▸ GOAL OF THE EXERCISE
With pictures left out, retype exactly the lines from the one containing "Odd time signatures can" through the final line of the entries.

▸ THE RECORDS
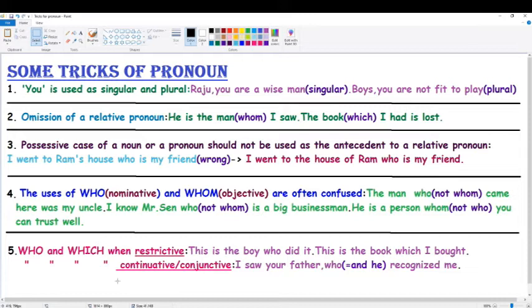Next example: omission of a relative pronoun. That means the relative pronoun in the sentence is omitted. Example: 'He is the man I saw' — here the relative pronoun 'whom' is omitted; the full form is 'He is the man whom I saw.' Next: 'The book I had is lost' — the relative pronoun 'which' is omitted; the full form is 'The book which I had is lost.'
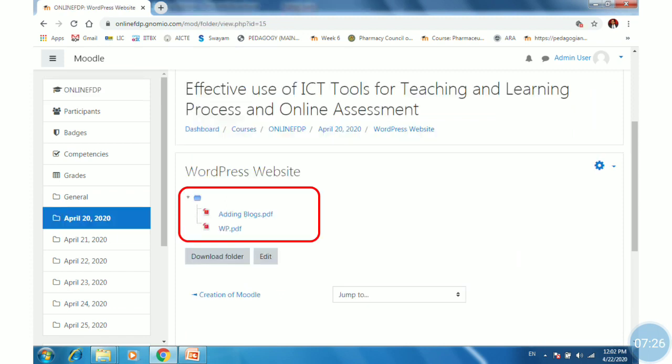Click on the folder to find out how many files are uploaded. Once students click there, they will get entry into the folder and will be able to find the different files inside.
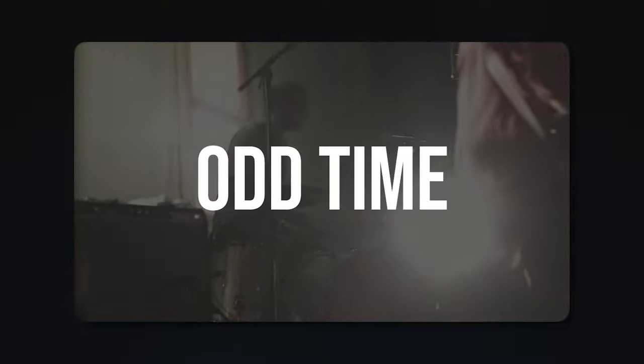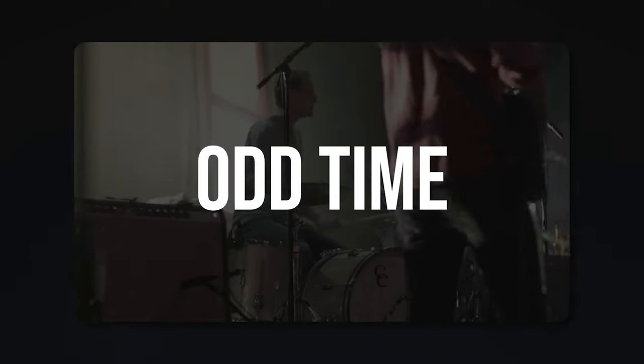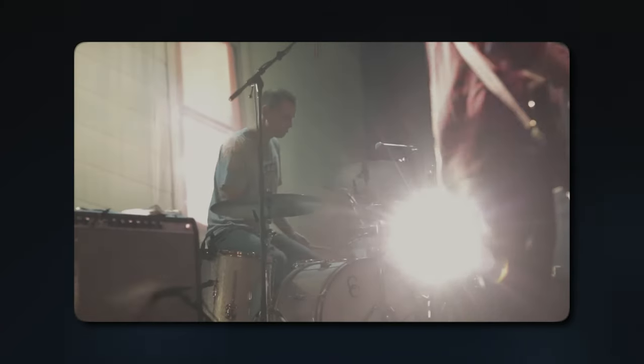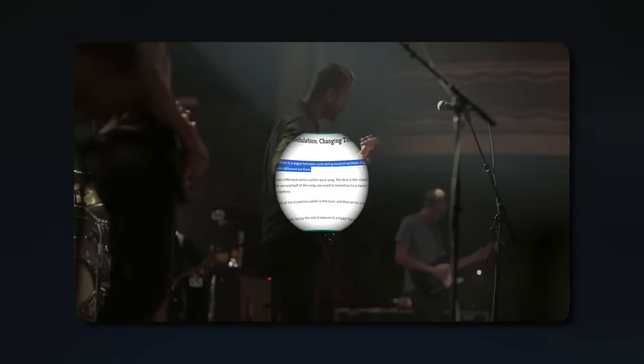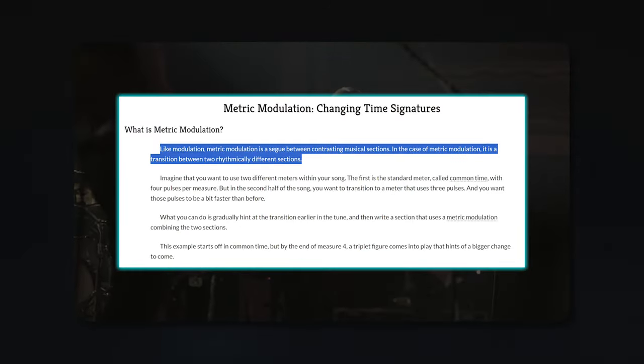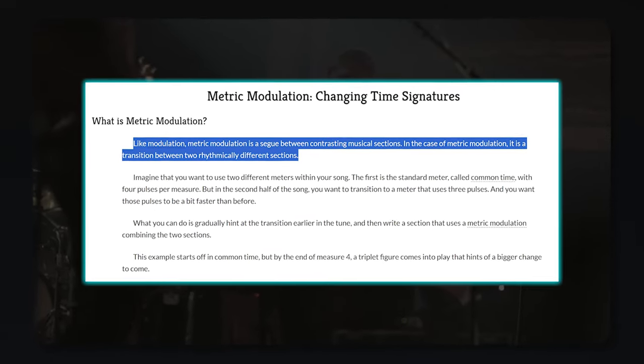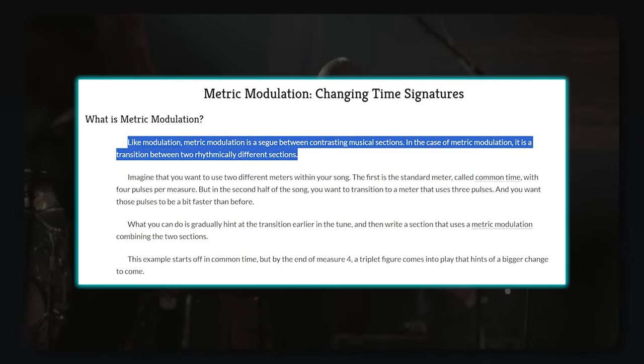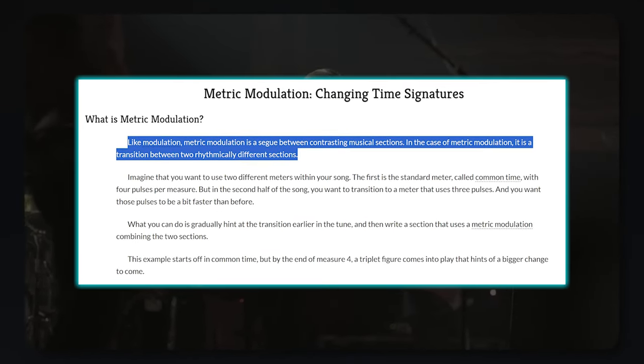Odd time signatures can be pretty common in more mathy styles of emo. This doesn't mean the basslines themselves have to become over complicated — it just means you might need to learn to play in odd time signatures or incorporate metric modulation.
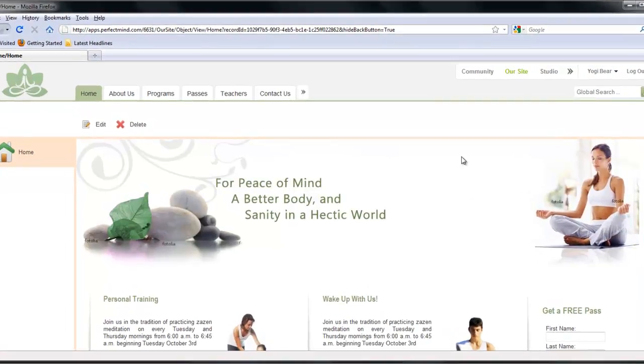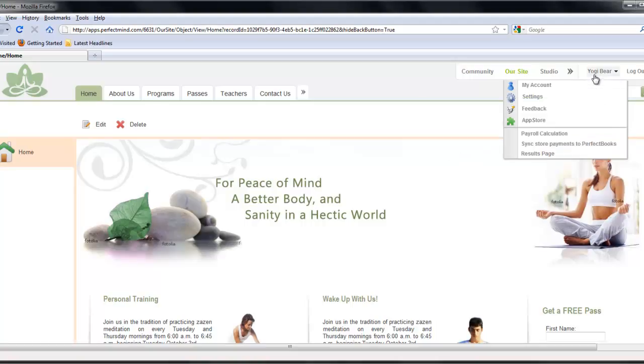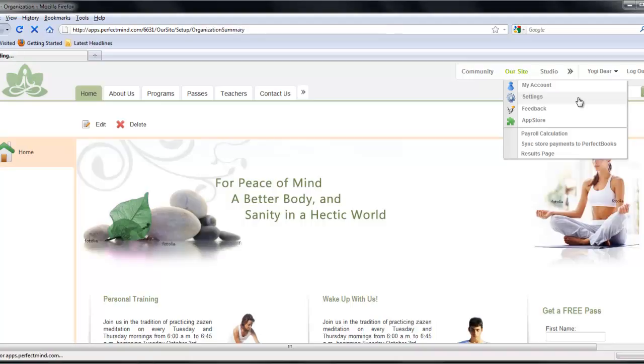Welcome to Perfect Mind Yoga Setting Up. First, from your homepage, go up to your name at the top right hand corner and select Settings from the drop-down menu.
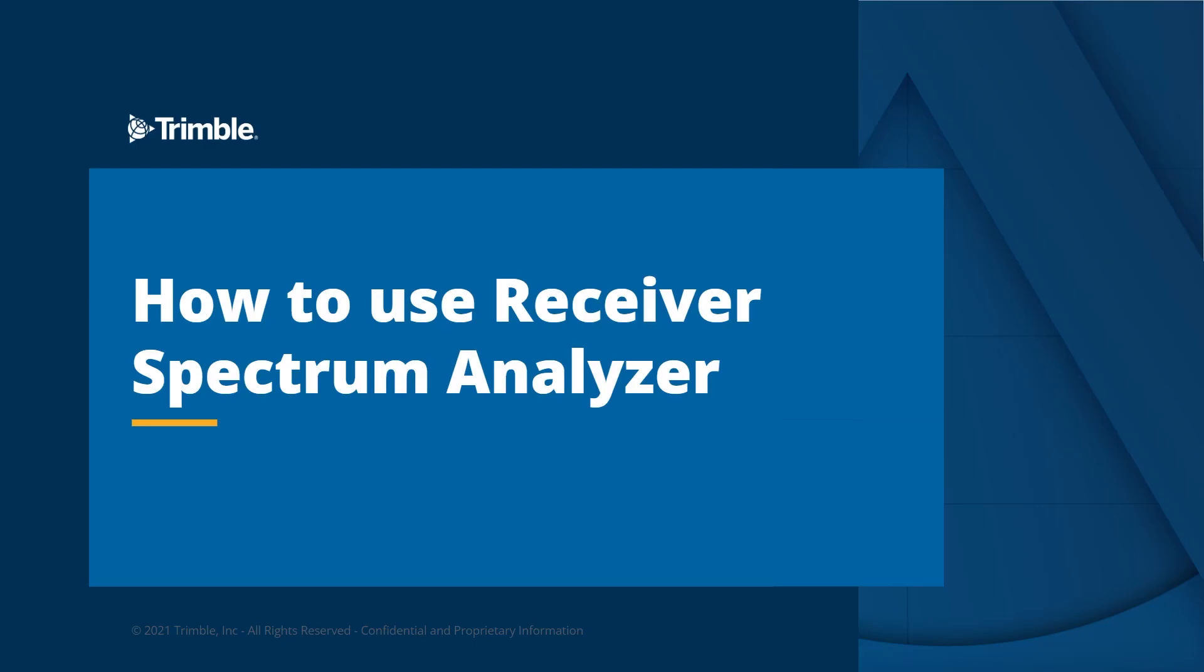In this video, we are going to show how to use the spectrum analyzer built into Trimble GNSS receivers and how this tool can be used to troubleshoot problems due to interference.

▸ YOUR SOLUTION
Odd time signatures can be pretty common in more mathy styles of emo. This doesn't mean the basslines themselves have to become over complicated — it just means you might need to learn to play in odd time signatures or incorporate metric modulation.
Welcome to Perfect Mind Yoga Setting Up. First, from your homepage, go up to your name at the top right hand corner and select Settings from the drop-down menu.
In this video, we are going to show how to use the spectrum analyzer built into Trimble GNSS receivers and how this tool can be used to troubleshoot problems due to interference.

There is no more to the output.